Tuesday, July 22, 2008

[title of show] (Lyceum Theatre)

Susan Blackwell, Jeff Bowen, Heidi Blickenstaff & Hunter Bell. Photo by Carol Rosegg.

Zak and Molly saw [title of show] with the intention of writing a Point/Counterpoint review; turns out they both really liked it and there wasn't a Counterpoint to speak of. So in the self-referential spirit of [title of show], here's why Zak and Molly highly recommend it. (The following is an excerpt from the conversation they had online after seeing the show.)

Zak: How should we write this review?

Molly: I don't know, it would've been easier if one of us didn't like it.

Zak: Too bad it was actually good, it's harder to write a positive review than a negative one.

Molly: Yea, I have nothing to slam or mock, this feels weird. It's refreshing to see new, original musical theatre...but I think they bring that up in the show so now I'm just paraphrasing their script. Well, I feel the need to get people out to see it so what can we tell them that will make them buy a ticket?

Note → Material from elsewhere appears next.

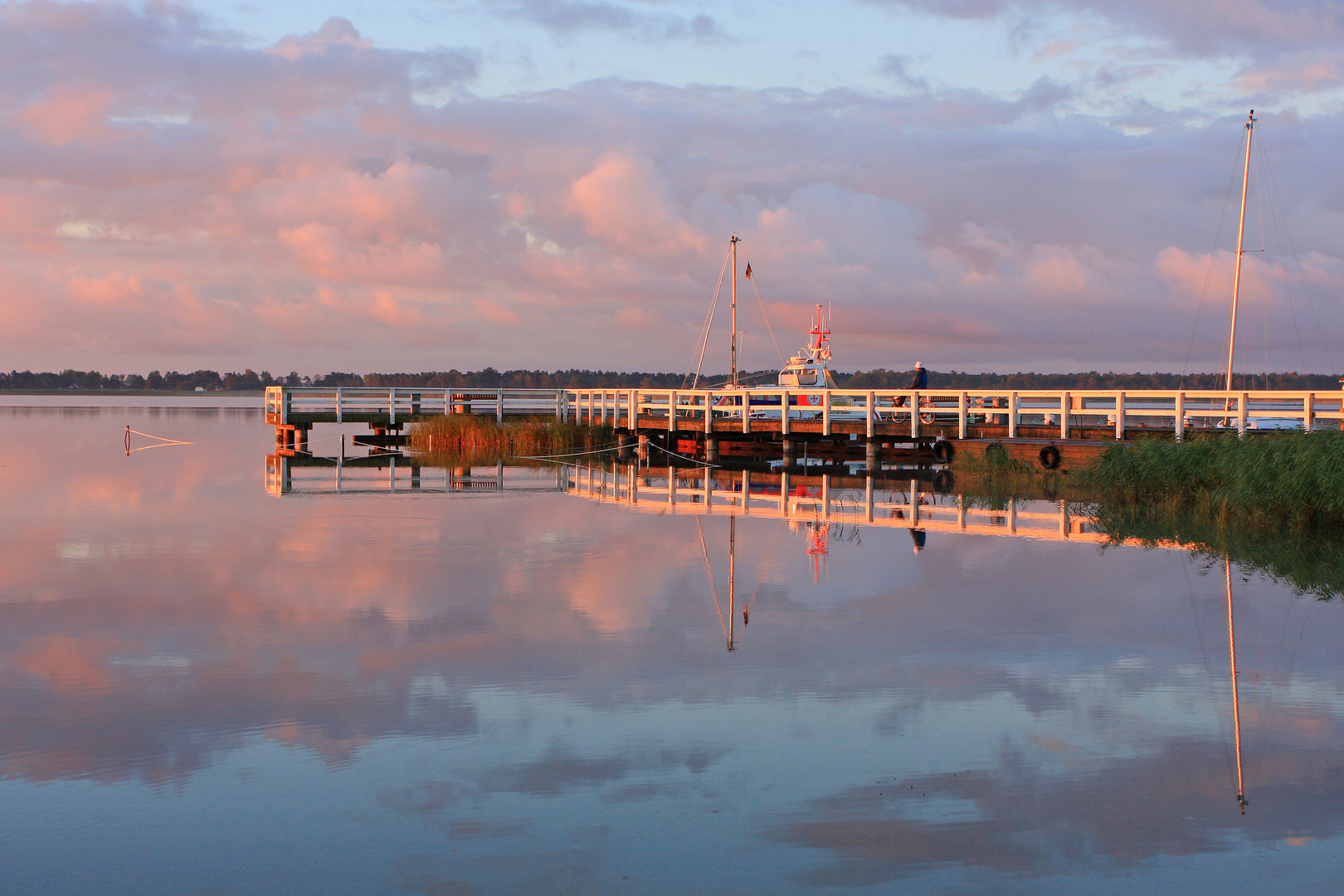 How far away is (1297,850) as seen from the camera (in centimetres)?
548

Zak: If we wanted to be cheesy we could say, "it's a love letter to Broadway for anyone who has ever had a dream." Or we could just say it's pretty damn good. Orrrrrr we could use the standby: "you'll laugh, you'll cry, it was way, way better than CATS."

Molly: I'm pretty sure you stole that. Do you think [title of show] is too inner-circle? There are a lot of jokes that you'll only get if you're in the theatre industry. I'm not sure German tourists would get it.

Zak: Do a lot of German tourists visit theatreiseasy.com?

Molly: Good point.

Zak: But it's true, it's a little inner-circle. But I still think the "every man" will enjoy themself. It's about four people trying to make the best of their lives in the city, trying to do what they love and be happy. So I think everyone will find something to relate to.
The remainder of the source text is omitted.